“Save Jimmy Johnson’s ass for me.” Notre Dame coach Lou Holtz at halftime of “Catholics vs. Convicts” 1988 “brawl” game against Miami
On October 15, 1988, when the number 1 ranked Miami Hurricanes visited Notre Dame Stadium, many students wore “Catholics vs. Convicts” and “Hate Miami” t-shirts. Miami had won 36 straight regular season games but had a reputation for sleazy recruitment practices and tolerating questionable off-the-field behavior from its players. Prior to the opening kickoff a brawl broke out between the players in the entrance tunnel. Living up to their nickname “Fighting Irish,” Notre Dame won the contest 31-30 after Miami coach Jimmy Johnson elected to try a two-point conversion with 45 seconds left in the game rather than settle for a tie.

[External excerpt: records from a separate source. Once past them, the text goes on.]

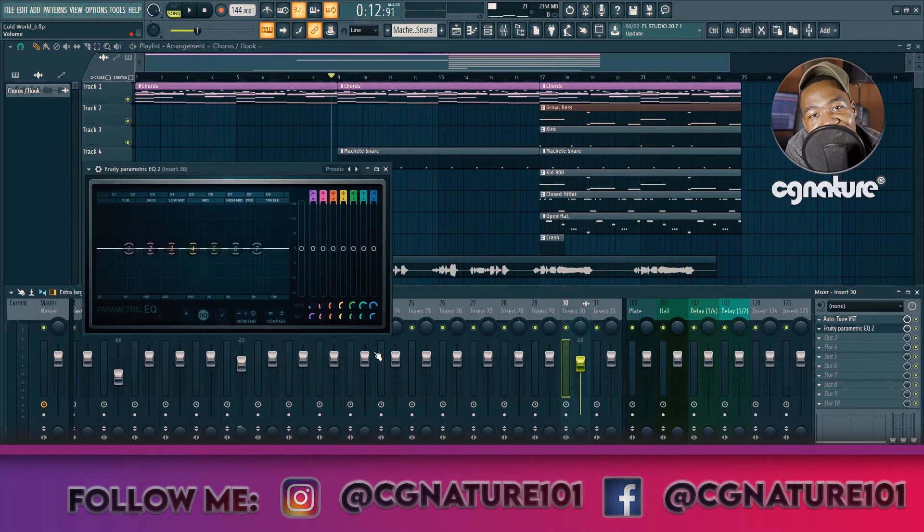Now we're going to shoot straight for the EQ. I want to start by introducing a high-pass filter around 90 to 100 hertz — preferably around 100 to 103 hertz for this specific project. Then I'm going to go in deep, notching down and sweeping for problematic frequencies. Let's get to it.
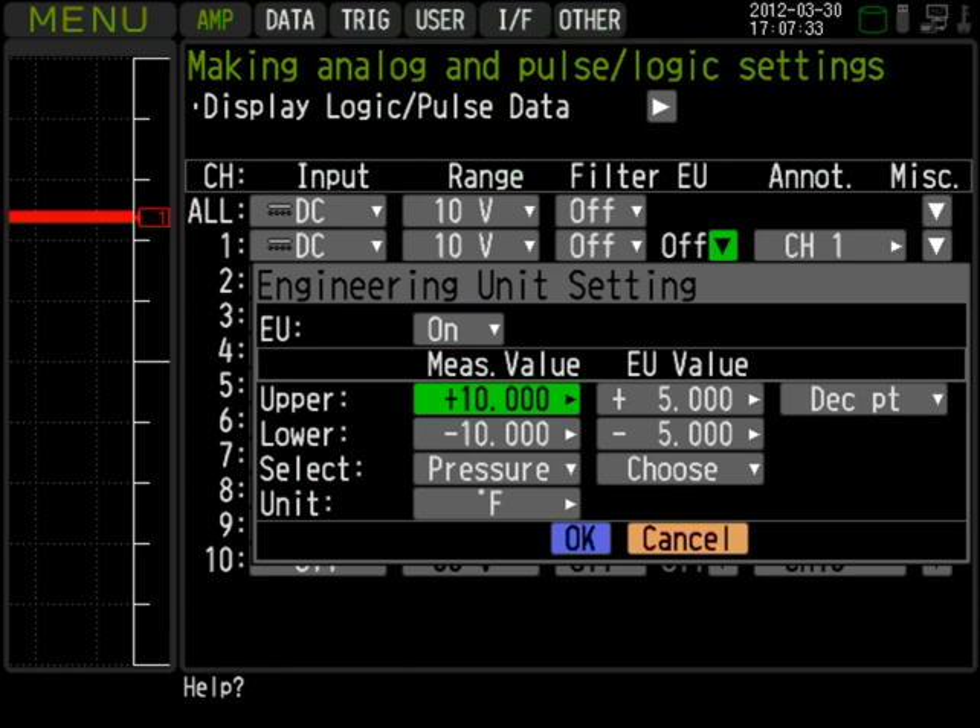In this example, we'll convert the 0 to 5 volt output of a pressure transducer to 0 to 50 psi.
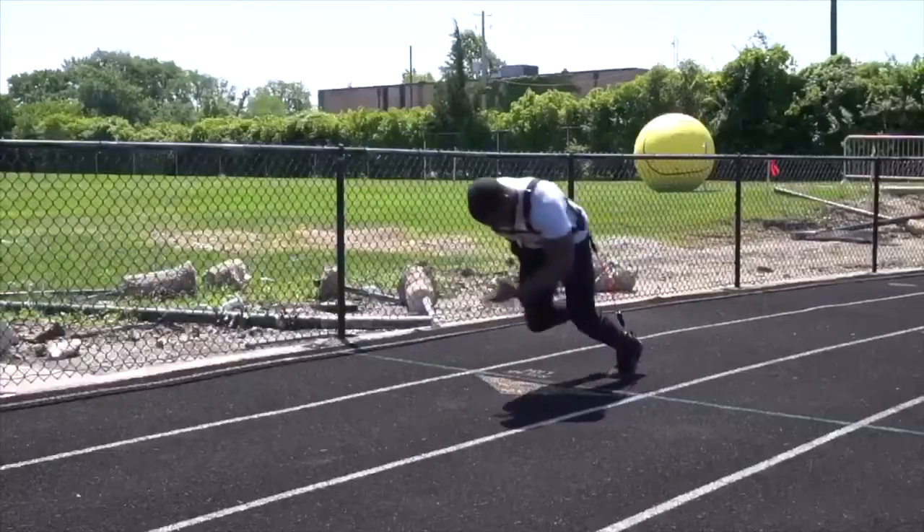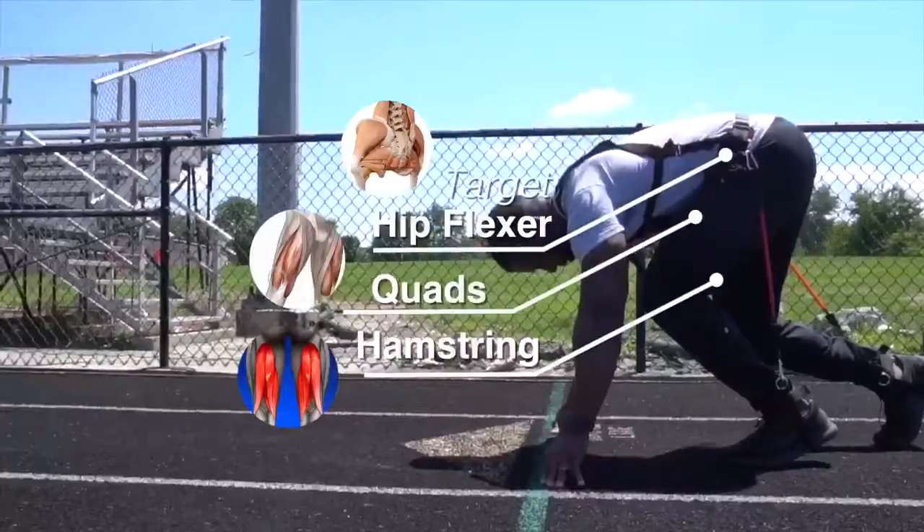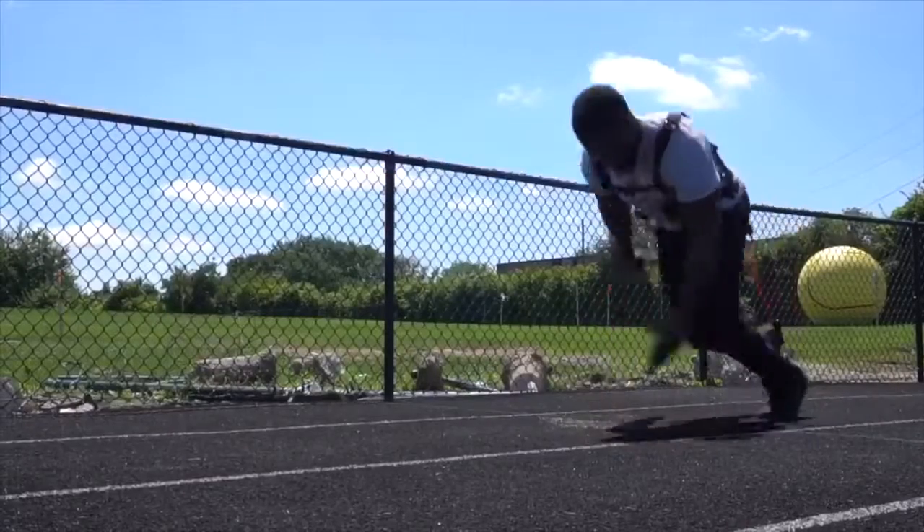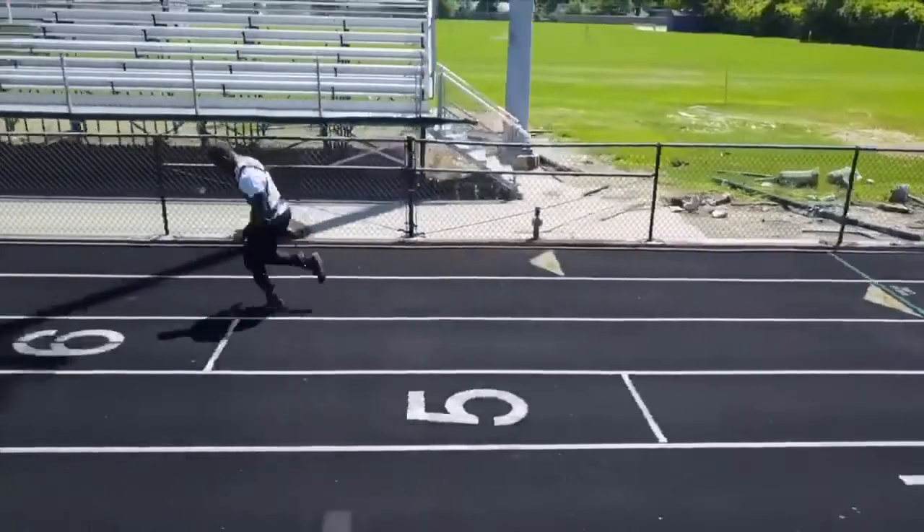The Total Resistance not only allows you to work on your hip flexors, it focuses on every muscle that you need to get faster. The Total Resistance forces you to bring your knee in the air and drive your foot right back down to the ground when you're in running motion.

Under the headline “Catholics vs. Convicts?” NWI Times reporter Steve Hanlon reported on a press conference where Guerin Catholic coach Pete Smith badmouthed opponent Griffith in the upcoming 3A state championship game. Last month Griffith’s season appeared over after a 45-second brawl that ensued after a Hammond player shoved Anthony Murphy, who was going up for a dunk, into a wall. When twin brother Tremell Murphy went to his aid, someone allegedly punched him in the back of the head. Judge Pera overturned the IHSAA ruling, citing other cases where the penalty was much less severe. The main difference: footage of those didn’t go viral on social media.
Coach Smith claimed Golden Eagles fans had taken up the chant “Catholics vs. Convicts” and that, while he doesn’t agree with such a characterization, he believes Griffith does not belong in the tournament. Speaking out of both sides of his mouth, Smith claimed that it was unfair for Griffith to have had three weeks off to get “rejuvenated” but then surmised that the team had still continued to practice. He said, “We hope to get into their bench,” a veiled invitation for referees to call fouls on Griffith’s star players the twins Anthony and Tremell Murphy (below). Downstate refs frequently show bias toward Region teams, so it would not be far-fetched since officials are somewhat beholden to the IHSAA.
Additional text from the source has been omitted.